Soon it is time for Vespers and, wearing my cassock for this visit, I am invited to join three Ethiopian monks in the chancel area before the main door of the sanctuary -- the laity gather, unseen from the chancel, on another side of the sanctuary aedicule.

The Ethiopian office of Vespers begins with something reminiscent of the synagogue services I have attended, in that each of the priests seems to be saying his own prayers aloud, and each at his own speed.

After about 15 minutes of this jumble of psalms and canticles, the monks stand and begin chanting. Now the singing seems intentionally separate, and the chants work as a kind of canon or round. One monk begins singing, then the second, then the third. Click here to see a short movie (20MB) which gives you an idea of the singing.

Both clergy and lay Ethiopians lean on long sticks (pictured above) with ivory T-shaped handles, to support themselves during the lengthy periods of standing in Ethiopian worship -- they really only sit when there's a sermon. The lay folk also use the sticks in a kind of rhythmic ritual dance during parts of the Divine Liturgy, pounding the stick to the ground, then sweeping it up into the air.

Part of the Ethiopian piety includes balancing on one foot for long periods of time (see the monk above clothed in a white shawl.) One of the lay women tells me that they must stand through all of the two hour Divine Liturgy as part of their preparation to receive Communion, and monks are known to stand, balancing on one foot for hours at a time, not only during services, as a kind of spiritual discipline.

Finally, the service concludes when one of the priests dons a cope and the priestly breastplate or stole of the Orthodox traditions, holding a hand cross, while another reads the Gospel. Then the priest offers the closing blessing and final prayers. At one point in all of this, he turns slowly around a couple of times in some sort of ritual gesture.

The service lasts a bit more than an hour; and I am thankful for a great sense of peaceful calm that has come over me as I leave the monastery courtyard for the return trip to the Armenian Patriarchate.

Directly across from the walled monastery, this lovely Arabian balcony with its typical triple gothic window arrangement. I can't help but think of Fr. Nabil and Sarah Shehadi in Beirut, and their observations on the traditional design of Arab houses (see the post, "Steps to Mar Nicholas") This home might have belonged to one of the displaced Palestinians in the Arab language congregation at Fr. Nabil's Anglican church in Beirut; but it is definitely Israeli now.
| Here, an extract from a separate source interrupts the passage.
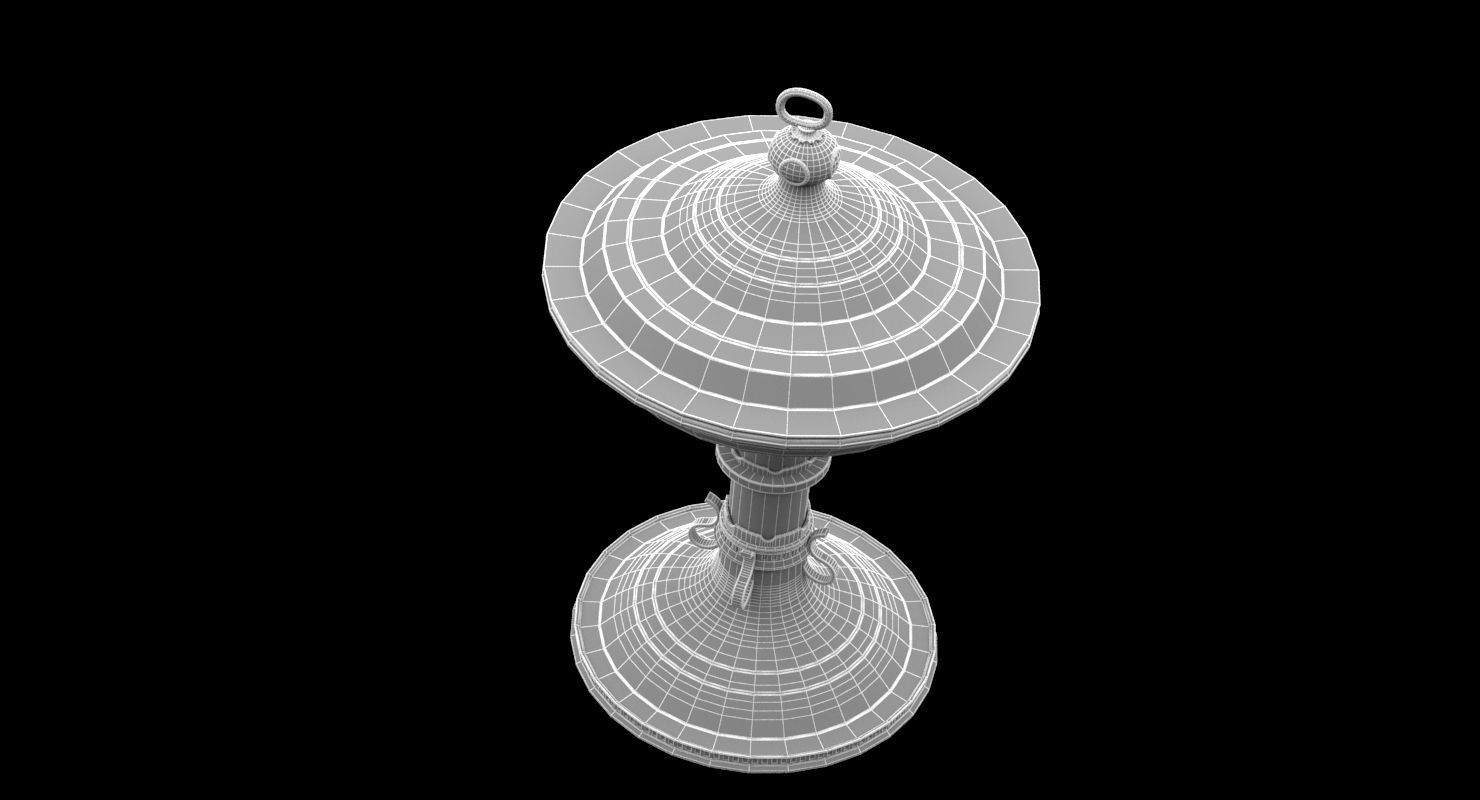 Decoration 19 gold cup 3D model_5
As I approach the popular Ben Yehuda Street district, I walk past this group of security workers who will be helping with the crowds expected to descend on to the street for an outdoor concert and fireworks this evening. Israel's Independence Day begins at sunset tonight with festivities planned throughout the country.

It's still relatively quiet on Ben Yehuda Street, the cafés and bistros are only beginning to fill, and the many boutique owners are no doubt hoping for lots of shoppers among the many expected for the evening's festivities.
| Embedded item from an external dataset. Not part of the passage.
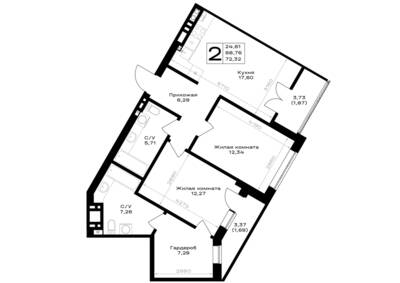2-комнатная квартира 72,32 м² в ЖК Включи, Гурьевск — фото 1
I've come to know this part of town fairly well over the past couple of weeks -- it's a good walk from the old city. There are a couple of descent bookstores, a great falafel stand, and I've even succumbed on one occasion -- mea maxima culpa! -- to the temptation to sample a hamburger at the MacDonald's here.

Nearing the old city, I walk by one of the trendier housing developments of New Jerusalem -- as upscale as any that one might expect to find in the major North American or European cities, and only a short walk from the ramparts of Old Jerusalem.

Pictured here, the nearby minaret of 1655 and the Citadel Museum at its base, also known as the Tower of David. The Citadel was built in the 16th century by Sultan Suleiman the Magnificent on the remnants of the Herodian fortress where, tradition holds, Pontius Pilate condemned Jesus to scourging and the cross.